In Vance v. Austell, supra, the court held that under this provision of the Constitution it was only necessary to have a majority of those voting on the question of removal. In the opinion in that case it was recognized that there was a conflict in the authorities on the proper construction of similar constitutional and statutory provisions, but the following was approved as the accepted doctrine according to the great weight of authority:

“Where a statute requires a question to be decided, or an officer to be chosen by the votes of a majority of the *316voters of a county, this does not require that a majority of all persons in the county entitled to vote shall actually vote affirmatively, hut only that the result shall be decided by a majority of the votes cast.”
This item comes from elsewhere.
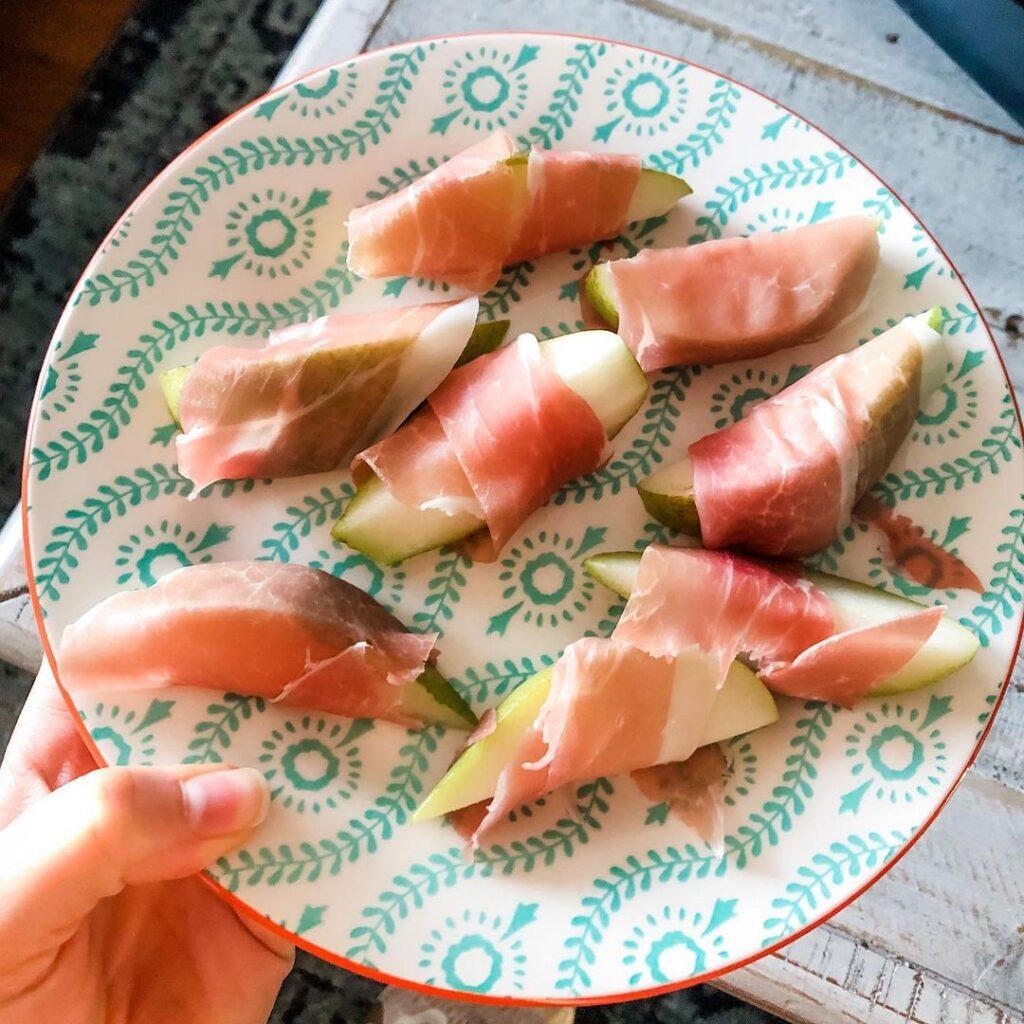 Snack recommendation: prosciutto wrapped s.

1 pear, sliced into 8 slices. 
2 sl…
We think that the decision in the present case should be controlled largely by the views expressed in Vance v. Austell, supra, because of the similarity of the language used in the two provisions of the Constitution. There was nothing said in the provision dealt with in that case about the majority being of the votes cast at the election, and the provision of the Constitution now under consideration is the same in that respect. Among other authorities on this subject, the Supreme Court of the United States has given a similar interpretation to the same language as that used in the provision now under consideration. Carroll County v. Smith, 111 U. S. 556.

It has been said by this court that this “is a government of majorities,” and that in elections only a plurality of the votes on a given question are required “unless there is some contrary specification in the organic law.” Hildreth v. Taylor, 117 Ark. 465. There is, as before stated, no contrary specification in the clause of the Constitution now under consideration, and we should interpret the meaning of the language found in this clause in conformity with the rule of government by majority as expressed by those who exercise the elective franchise. In fact, the similarity of the language of that provision of the Constitution which was construed in Vance v. Austell, supra, justifies the inference that the framing and adoption of this amendment was in the light of the interpretation given to that language in the decision of this court cited above.

Our conclusion, therefore, is that Amendment No. 3 requires only a majority of those voting on the question in order to authorize the levy of a road tax, and that a majority of the highest number of votes cast at the election is not required.

The decree is reversed and the cause remanded, with, directions to dismiss the complaint for want of equity.

*317Humphreys, J.,

(concurring). I concur in the majority opinion to the effect that only a majority of the qualified electors voting for or against the public road tax in the general election was necessary to carry the road tax, and that the instant case is ruled by the case of Vance v. Austell, 45 Ark. 400. The majority, however, differentiate the instant case from the case of Rice v. Palmer, 78 Ark. 432, relied upon by appellee in support of his contention that a majority of the highest number of votes cast at the election was required to adopt the public road tax. In doing so they indirectly recommit themselves to the doctrine announced by the majority in the ease of Rice v. Palmer, supra. In concurring in the reversal and dismissal of the instant case for the want of equity, it is not my purpose or intention to reaffirm the doctrine announced by the majority in the case of Rice v. Palmer, supra. I am in accord with the concurring opinion of Mr. Justice Riddick and dissenting opinion of Mr. Justice McCulloch registered in that case,’ to the effect that the framers of the Constitution meant to require for the adoption of an amendment only a majority of all the electors voting upon that question at the election. In my opinion, the reasoning of Mr. Justice Riddick upon this particular point in his concurring opinion is unanswerable, and that the conclusion reached by him and Mr. Justice McCulloch is sound. There can certainly be no escape from the correctness of their conclusion since the adoption of the initiative and referendum amendment to our Constitution.